Por Abel Pérez Rojas

I

Cuatrocientas palabras, cuatrocientas una, cuatrocientas dos… los vocablos brotan a marchas forzadas, la frente suda cuando se exprime a la inspiración y ésta regatea los frutos, quizá porque sea la mañana siguiente al Día de Reyes y han llegado regalos por todas partes.

Quinientas palabras parecen muchas, no obstante que se encuentra en el número cuatrocientos cincuenta, es como si se tratase de la antepenúltima ronda de natación y los pulmones parecen estallar envueltos en olor a cloro de la piscina habitual.

A poco trecho de conseguido el cometido, el cierre de la colaboración semanal surge como complicación.

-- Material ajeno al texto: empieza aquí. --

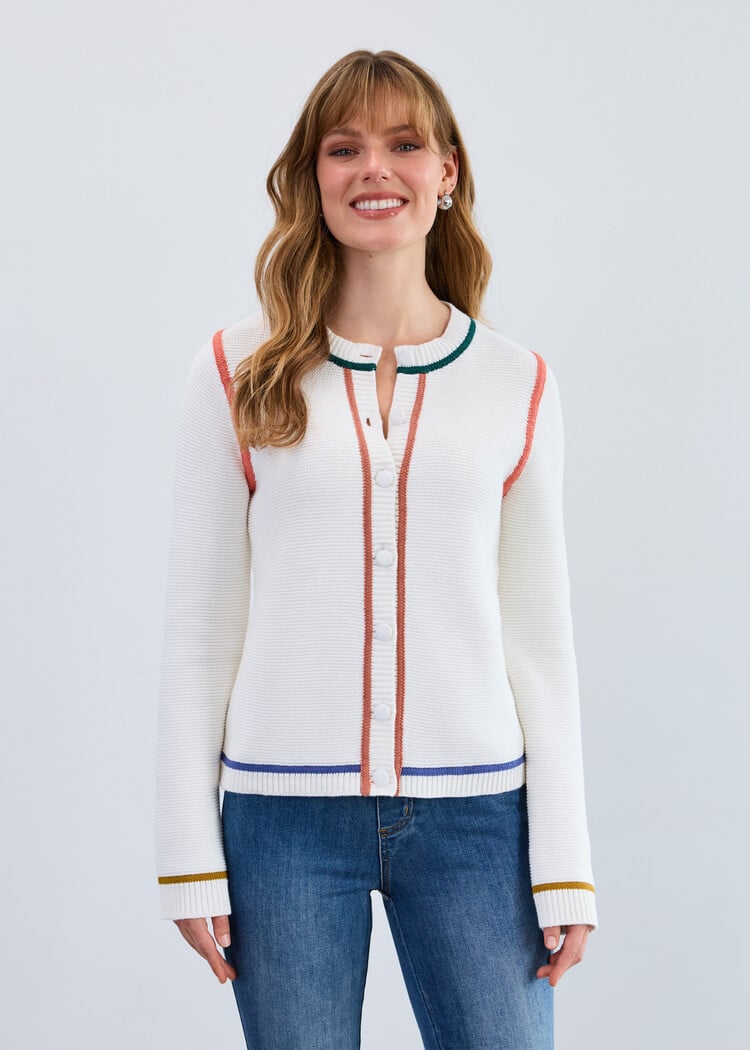 FDJ Tipping Cardigan, Style #1363882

Siempre es lo mismo, cuando empieza el escrito es como lanzarse al vacío, ya a la deriva el lapso de espera se hace crudo.

— ¡Ojalá no me estrelle y me salgan alas!, es la voz del pensamiento de siempre cuando está entrado en el texto y se acerca el final.

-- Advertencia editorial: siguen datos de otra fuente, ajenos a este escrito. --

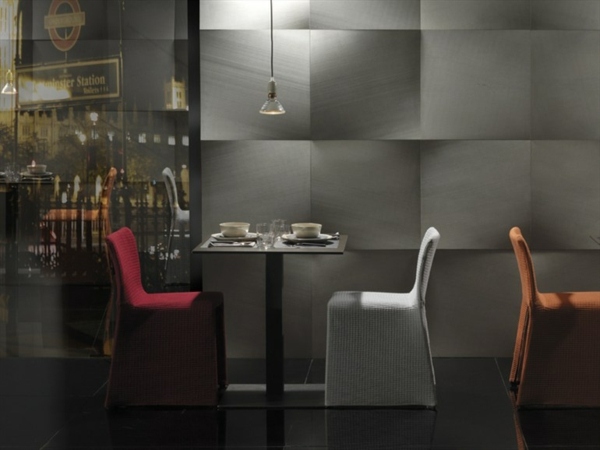 elegantné obklady a dlažby moderné 3D akcenty jedáleň Obklady moderná 3D akcenty jedálne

Un cierre digno es como un aterrizaje limpio.

II

A su mente viene la vieja mesa que le construyó su padre.

Parece que fue ayer cuando don Jesús le armó a su penúltimo hijo una especie de escritorio todoterreno con los vestigios de un viejo armario.

Cuatro polines tomados de alguna parte sirvieron como patas perfectas para ese “Frankenstein” construido con mucho cariño.

Los tirantes entre las patas de los costados fue lo de menos, dos tiras que alguna vez fueron parte de un embalaje de maquinaria sirvieron a la perfección.

En la casa del hermano mayor había suficiente espacio para acumular cosas “por si algún día llegan a ofrecerse”.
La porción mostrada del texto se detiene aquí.